» Supplied records:
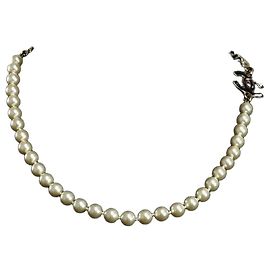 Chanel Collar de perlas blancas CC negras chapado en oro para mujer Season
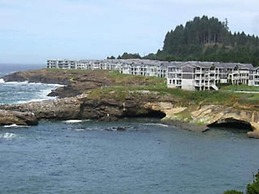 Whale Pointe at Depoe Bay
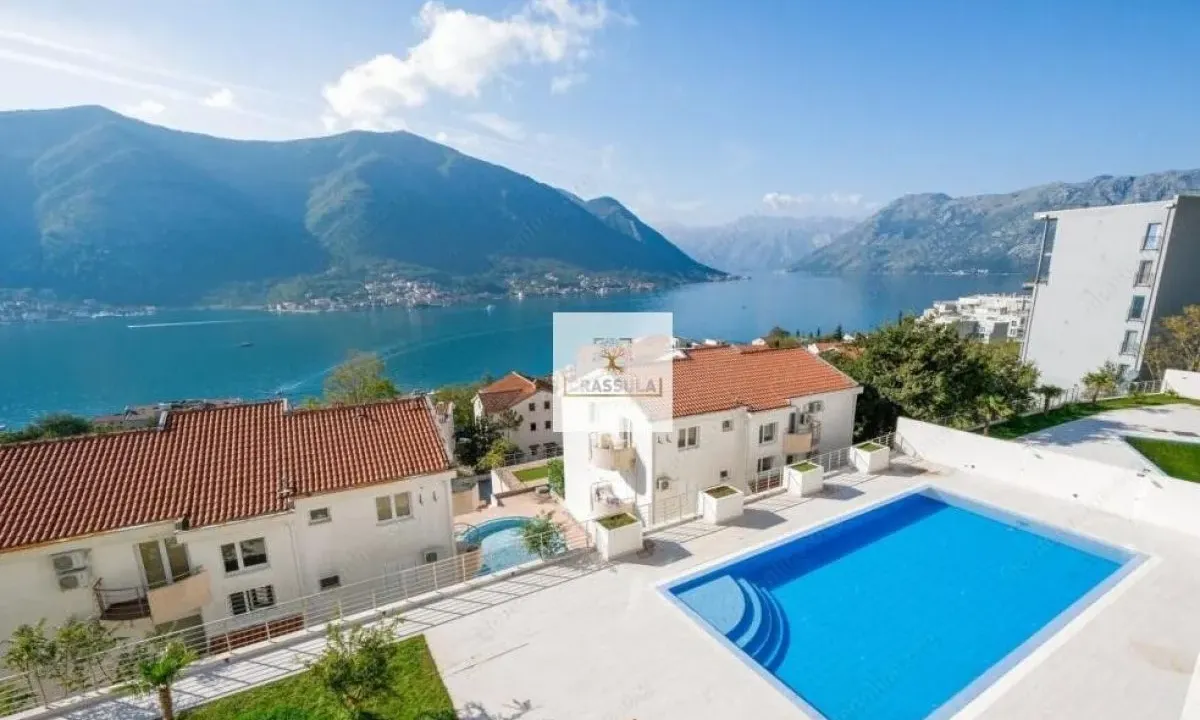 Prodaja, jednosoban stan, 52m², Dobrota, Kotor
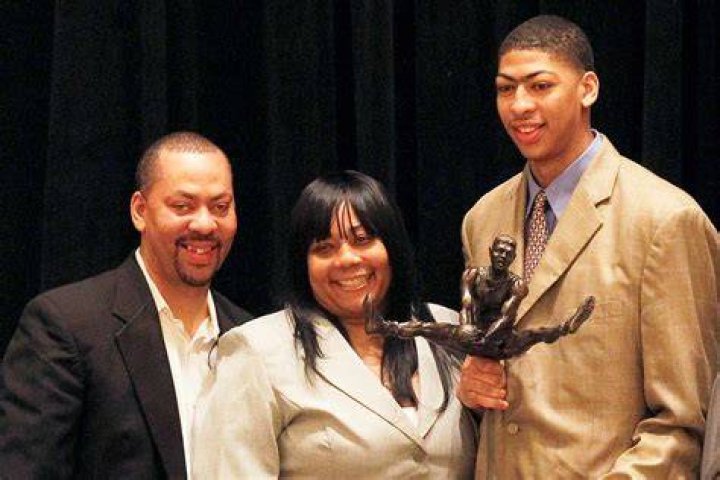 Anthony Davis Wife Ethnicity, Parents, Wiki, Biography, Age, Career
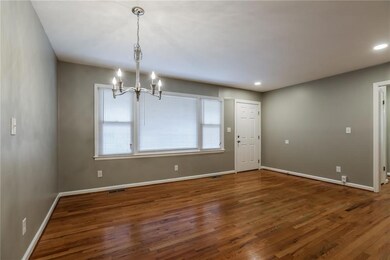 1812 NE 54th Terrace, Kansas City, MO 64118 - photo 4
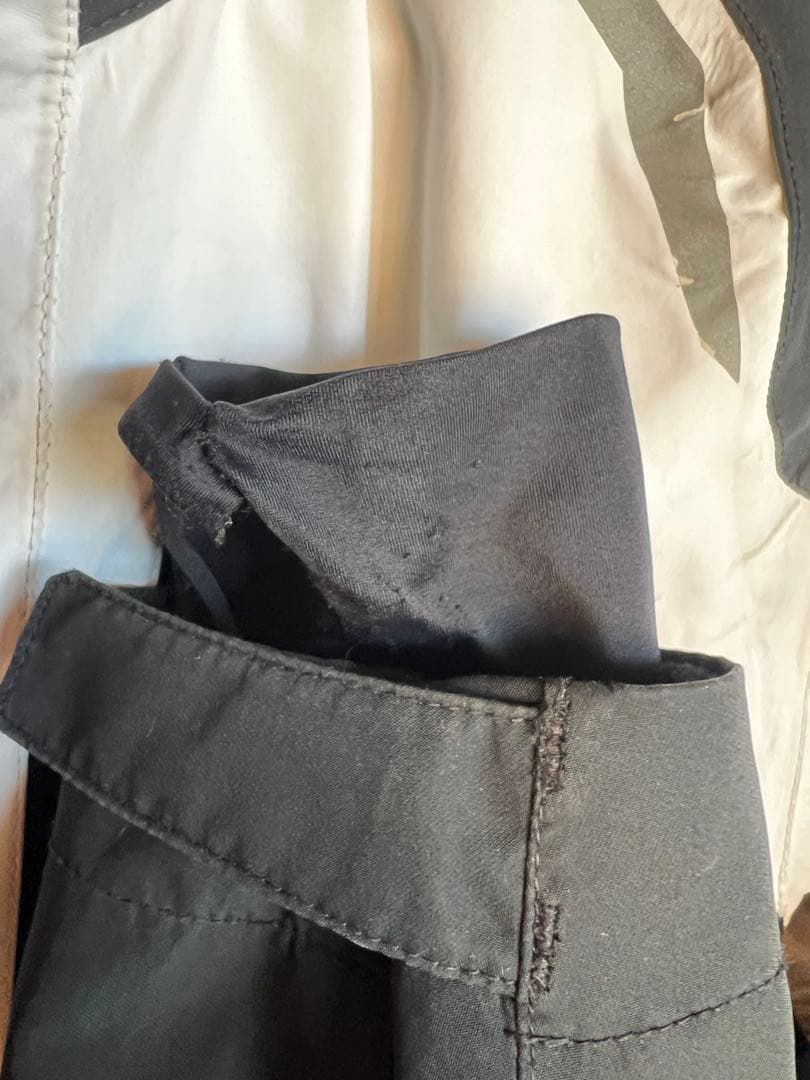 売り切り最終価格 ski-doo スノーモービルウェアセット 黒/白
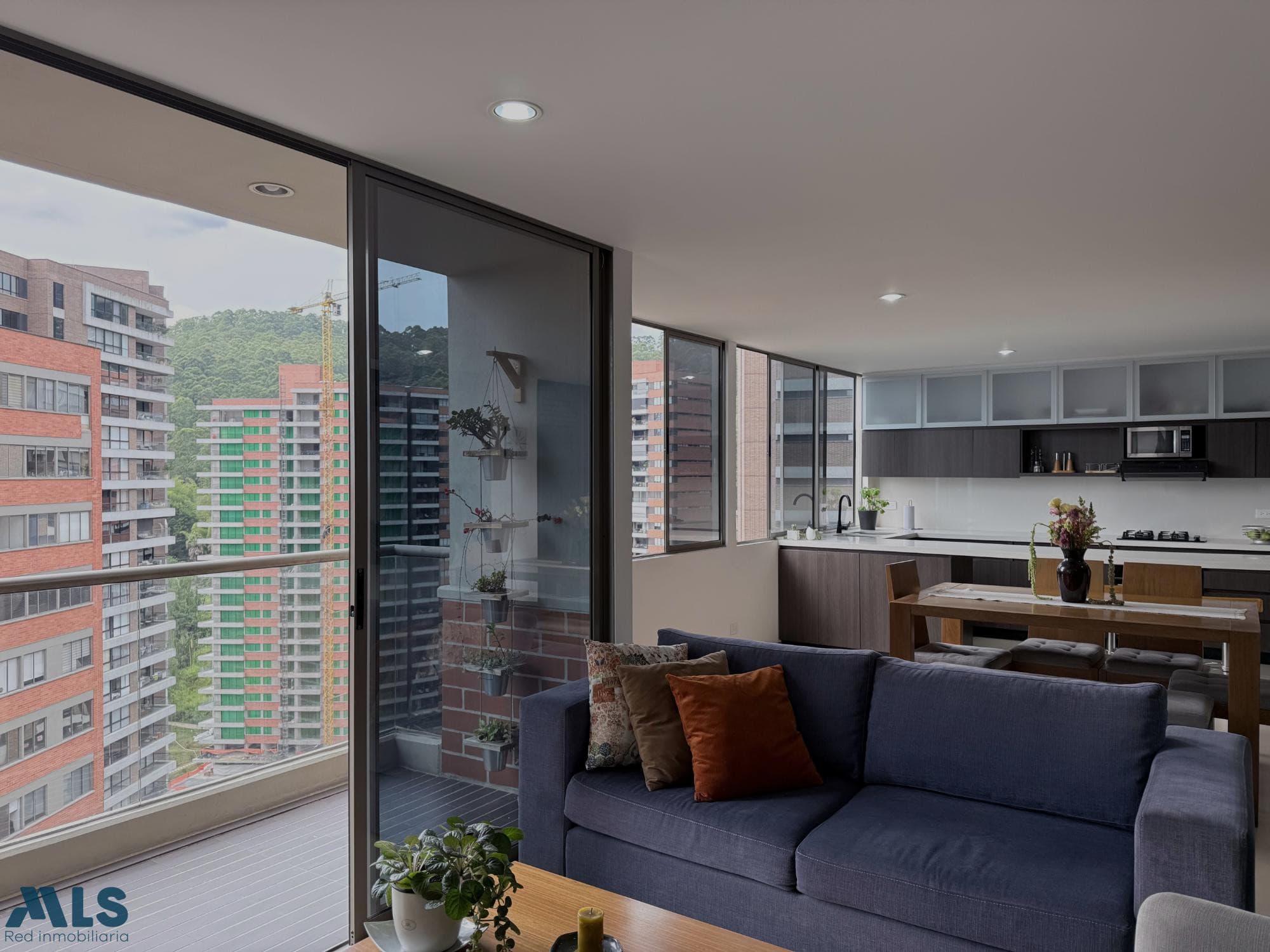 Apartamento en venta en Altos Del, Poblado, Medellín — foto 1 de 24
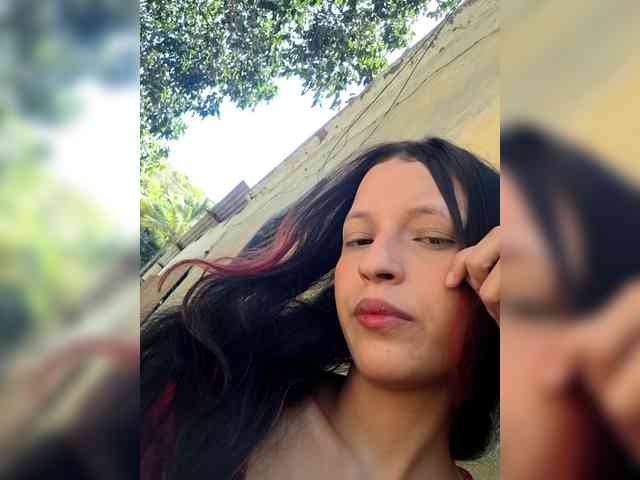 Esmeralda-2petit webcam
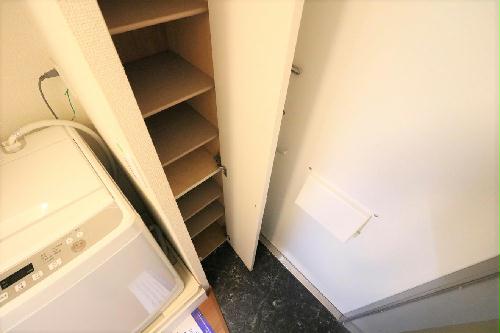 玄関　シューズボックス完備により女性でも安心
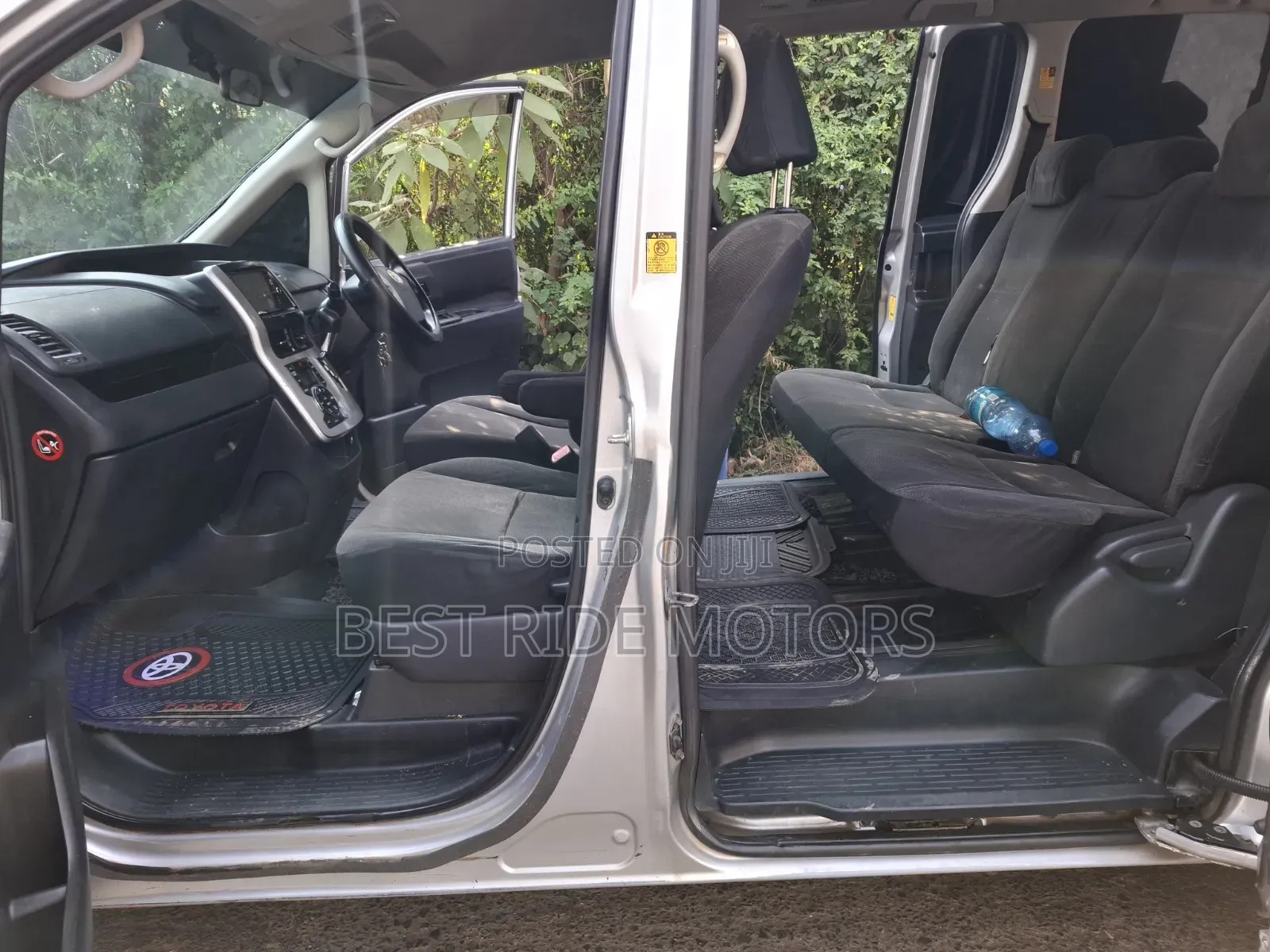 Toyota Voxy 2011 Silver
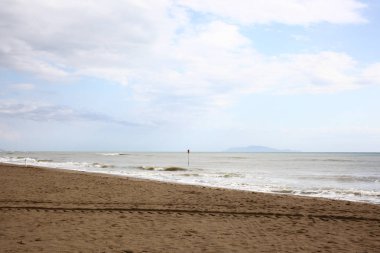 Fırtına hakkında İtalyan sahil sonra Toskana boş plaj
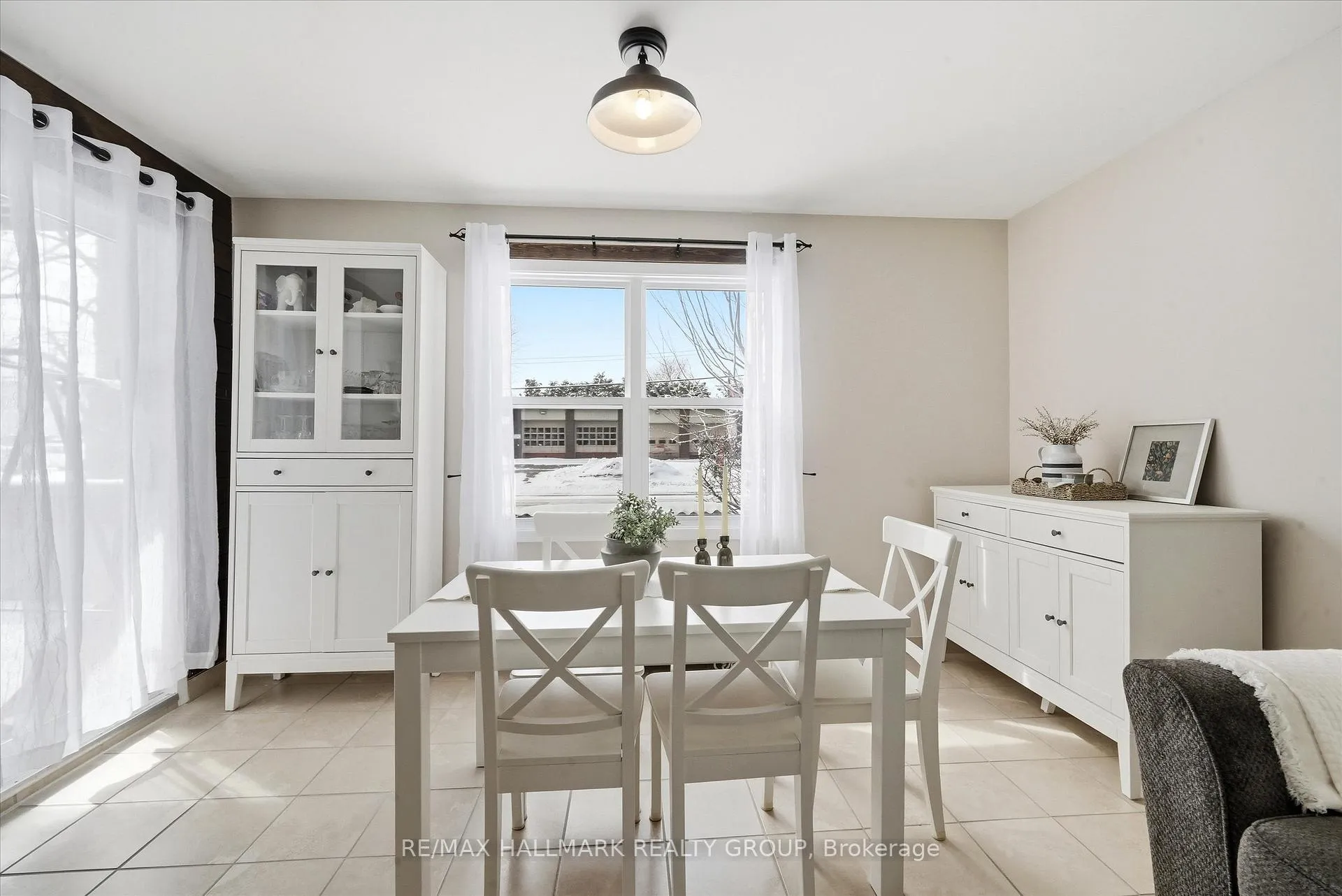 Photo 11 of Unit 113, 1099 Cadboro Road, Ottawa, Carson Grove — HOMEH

» Problem details:
Beginning with the line that contains "Apartamento en venta", reproduce every line through the end of the records above exactly, leaving pictures out.

» Result of the exercise:
 Apartamento en venta en Altos Del, Poblado, Medellín — foto 1 de 24
 Esmeralda-2petit webcam
 玄関　シューズボックス完備により女性でも安心
 Toyota Voxy 2011 Silver
 Fırtına hakkında İtalyan sahil sonra Toskana boş plaj
 Photo 11 of Unit 113, 1099 Cadboro Road, Ottawa, Carson Grove — HOMEH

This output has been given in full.